You can simply parse an external Weka ARFF/CSV file by doing:
require 'ruby-band'
dataset = Core::Parser.parse_ARFF(my_file.arff)
dataset = Core::Parser.parse_CSV(my_file.csv)
Since the dataset type used by ruby-band is derived from Weka Instances class, we must define the domain of the data we want to insert into it. The attribute types supported by ruby-band are ‘numeric’, ‘nominal’, ‘string’ and ‘date’. For this reason, each column in the dataset can contain only one data type to be valid.
If you want to build an in-memory dataset you can create an empty scaffold at first, then you populate it with your data, like this:
require 'ruby-band'
# we create a dataset containing three columns (attributes)
dataset = Core::Type::Instances::Base.new do
nominal :first_attribute, ['yes','no']
nominal :second_attribute, ['maybe','perhaps']
numeric :third_attribute
end
we can populate ‘by row’ our matrix-like dataset using a bidimensional array:
dataset.populate_by_row([['yes','maybe',6],['no','perhaps',21]])
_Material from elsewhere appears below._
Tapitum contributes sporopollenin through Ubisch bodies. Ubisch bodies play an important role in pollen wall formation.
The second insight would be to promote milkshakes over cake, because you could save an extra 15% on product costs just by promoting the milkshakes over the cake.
Every row in the dataset above must meet this construction criteria: [a_nominal_value,b_nominal_value,c_numeric value], in order to match the structure assigned during dataset initialization.
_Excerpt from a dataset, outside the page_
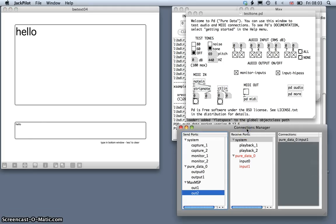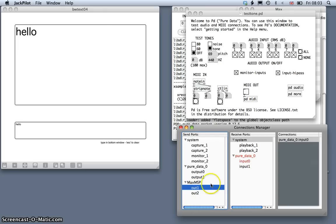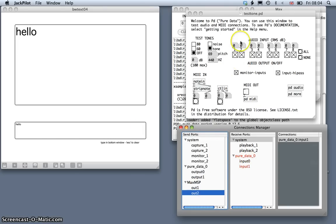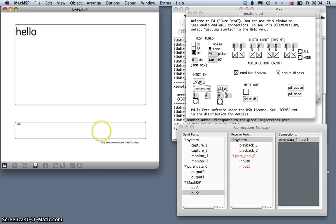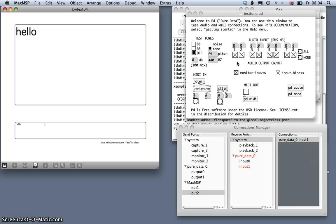I'm using Jack here, and in Jack Pilot I've got the output of Max MSP routed into the input of Pure Data. We can see that when I play a little bit of speech synthesis in Max MSP, it's actually playing back through PD. You may be able to just about hear this.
The ruby-band Core::Type::Instances
class offers a wide range of operations to easily access and modify a dataset. Some of the are very intuitive:
require 'ruby-band'
dataset = Core::Parser.parse_ARFF(my_file.arff)
# we can now access the dataset
dataset.summary
dataset.n_col/.n_row/.dim # R-like functions
dataset.each_row/each_column {|row/column| function}
or we can modify it by doing:
# to add a row
dataset.add_instance ['yes','maybe',21]
# to add a column
dataset.add_numeric_attribute 'my_numeric_attribute'
dataset.add_nominal_attribute 'my_nominal_attribute', ['ruby','is','fun']
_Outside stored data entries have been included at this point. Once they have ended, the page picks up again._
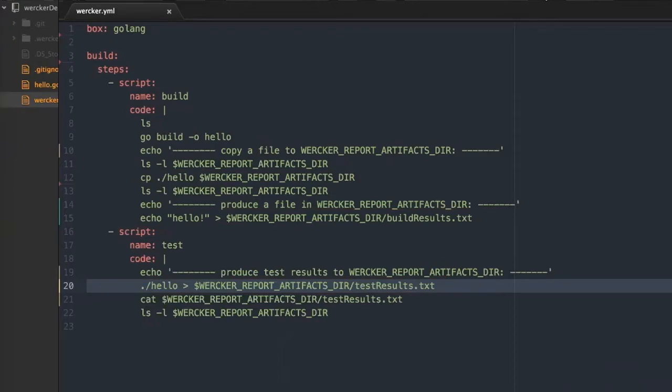The WorkerReportArtifacts.dir is an environment variable which is initialized to an empty directory for each pipeline step. If this directory contains any files after running the step, then worker produces a download link to the tar file of the artifact directory.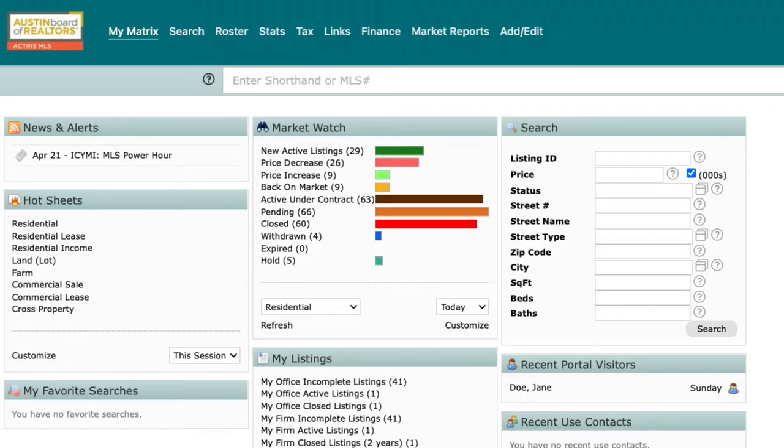Did you know that you can keep track of your clients' actions within their client portal? Let's take a quick dive to see what your clients have been up to in their portals. From Matrix, click on Contacts under the My Matrix tab.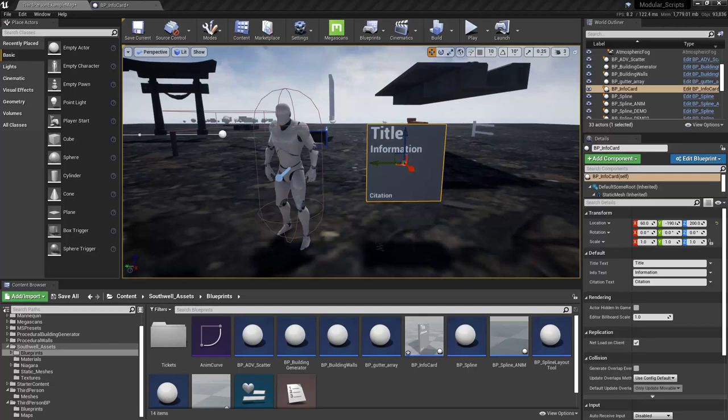So in this video, I'm going to show you how to make a place card or a title card for something like a museum. And it's actually really easy to do and it's going to be very modular. So let's take a look at what this thing actually does.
In addition to these methods, ruby-band offers a wide range of filters to operate on the structure and the content of the Instances datasets.
It is fairly easy to export a dataset to a CSV/ARFF file or to a Mysql table (with reference to the example above):
dataset.to_ARFF my_output_file.arff
dataset.to_CSV my_output_file.csv
dataset.save_to_mysql 'jdbc:mysql://localhost:3306/DB_name', user_name, password, table_name
In WEKA, filters are used to preprocess the data.
Each filter falls into one of the following two categories:
And into one of the two sub-categories:
As to the namespaces used for the filters available, they can be found here:
Weka::Filter::Supervised::Attribute::my_filter.new
Weka::Filter::Supervised::Instance::my_filter.new
Weka::Filter::Unsupervised::Attribute::my_filter.new
Weka::Filter::Unsupervised::Instance::my_filter.new
These categories should make it clear, what the difference between the two Discretize (Weka::Filter::Supervised:: || Unsupervised::Attribute::Discretize) filters in WEKA is. The supervised one takes the class attribute and its distribution over the dataset into account, in order to determine the optimal number and size of bins, whereas the unsupervised one relies on a user-specified number of bins.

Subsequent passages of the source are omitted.